The largest privacy-oriented cryptocurrency, Monero, recently upgraded its network in order to make the network ASIC-resistant. Prior to this upgrade, the network used to see a constant algorithm update to ward off ASIC miners; however, the recent change from CryptoNightR to RandomX promises to keep the network ASIC resistant for a much longer duration. Along with the shift to RandomX, this upgrade included several other changes, such as phasing out long payment IDs.

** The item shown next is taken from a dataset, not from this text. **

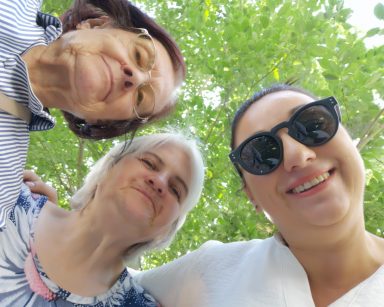Do zdjęcia pozuje terapeutka Gosia Jancelewicz i dwie seniorki. Uśmiechają się. W tle drzewo z zielonymi liśćmi.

Notably, this upgrade was one of the topics discussed during the latest session of Monero Talk. Justin Ehrenhofer, a regulatory compliance analyst at DV Trading, provided a brief about the changes that were rolled out in the upgrade that took place on November 30. Justin stated that the upgrade “came with a substantial number of improvements to GUI and CLI release,” including software like MyMonero and Cake Wallet.
Talking about RandomX, he stated,
“[…] RandomX, which is a new proof-of-work algorithm for Monero that is meant to be an ASIC resistant and to provide additional competition essentially within the CPU mining market. So, that’s a very large change to Monero. Of course within GUI, it comes in with better tail support, better user experience support.”
Justin also revealed that this upgrade had bug fixes, stating that Standford researchers “did a timely analysis on ZCash and Monero and the improvements were safely disclosed and patched in the latest Monero release.” In terms of infrastructure, he stated that long payment IDs were “deprecated,” adding,
“Exchanges, wallets, other services upgraded in order to use sub-addresses or integrated addresses, both of which are significantly better especially sub-addresses […] simple node of the GUI, it means that it more easily connects to the rest of the network and in a more decentralized fashion because it automatically finds nodes to connect to […]”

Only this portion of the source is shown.